### What to do:
Leave the pictures out and give every entry again exactly.
#### Data for this task ####
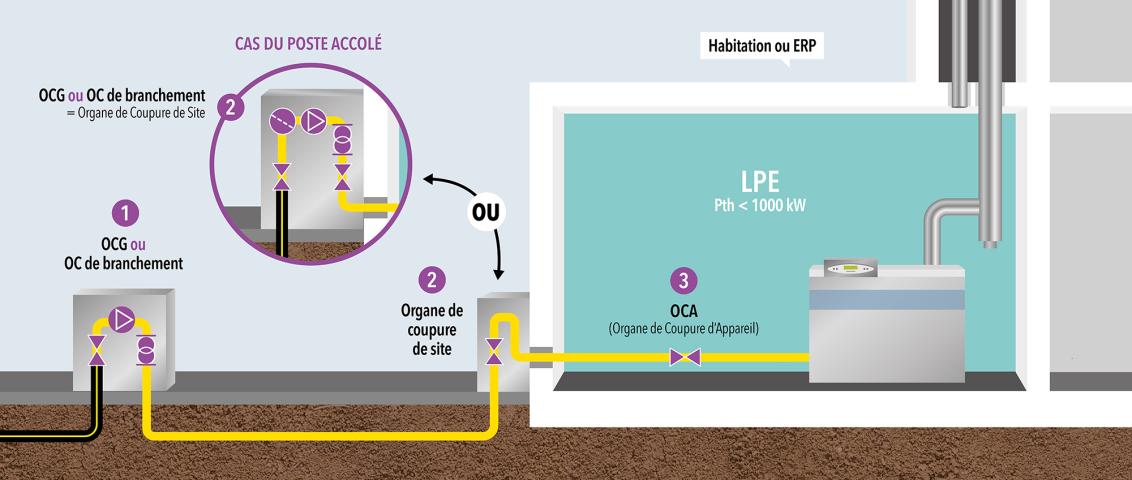 Figure 1 : Poste de livraison distributeur accolé ou non au LPE, habitation ou ERP, Pth < 1000 kW et les organes de coupure associés.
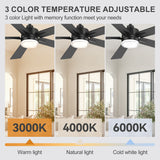 Auralis 52-Inch 5-Blade Ceiling Fan With Light & Remote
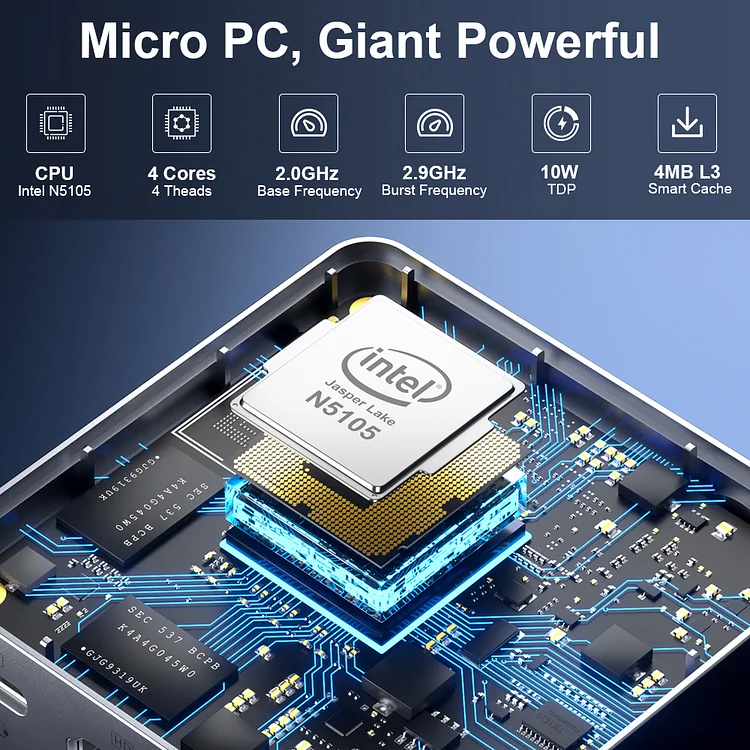 GMKtec NucBox G1 ミニデスクトップPC 8GB RAM + 512GB SSD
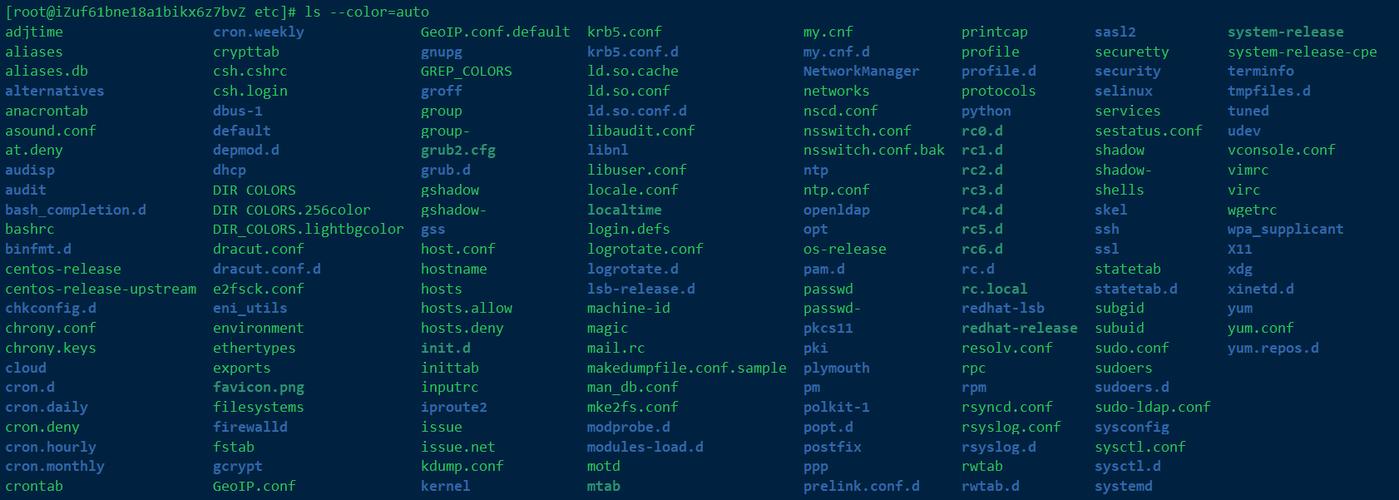 protobuf使用详解，linux中ls命令执行什么功能-图3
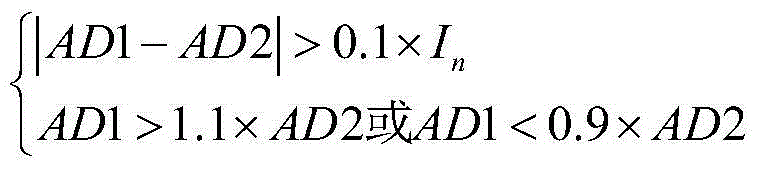 Intelligent substation relay protection method based on double AD sampling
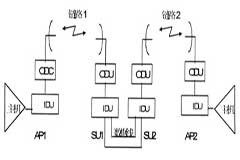 采用5．8GHz無線寬帶接入技術實現大面積的無線覆蓋應用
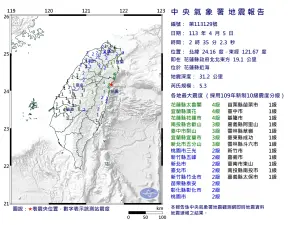 快訊／花蓮深夜餘震不斷！2:35「規模5.3最大」　雙北狂搖10秒
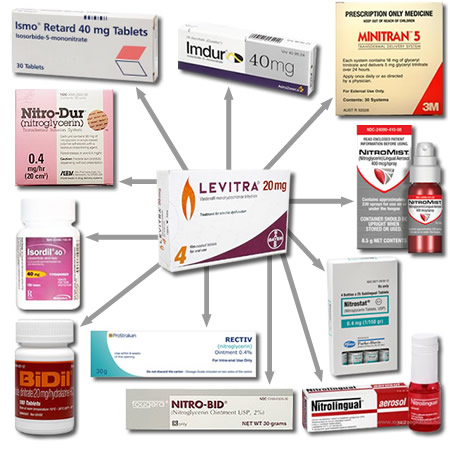 avanafil (stendra) vs cialis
####
### Task response:
 Figure 1 : Poste de livraison distributeur accolé ou non au LPE, habitation ou ERP, Pth < 1000 kW et les organes de coupure associés.
 Auralis 52-Inch 5-Blade Ceiling Fan With Light & Remote
 GMKtec NucBox G1 ミニデスクトップPC 8GB RAM + 512GB SSD
 protobuf使用详解，linux中ls命令执行什么功能-图3
 Intelligent substation relay protection method based on double AD sampling
 采用5．8GHz無線寬帶接入技術實現大面積的無線覆蓋應用
 快訊／花蓮深夜餘震不斷！2:35「規模5.3最大」　雙北狂搖10秒
 avanafil (stendra) vs cialis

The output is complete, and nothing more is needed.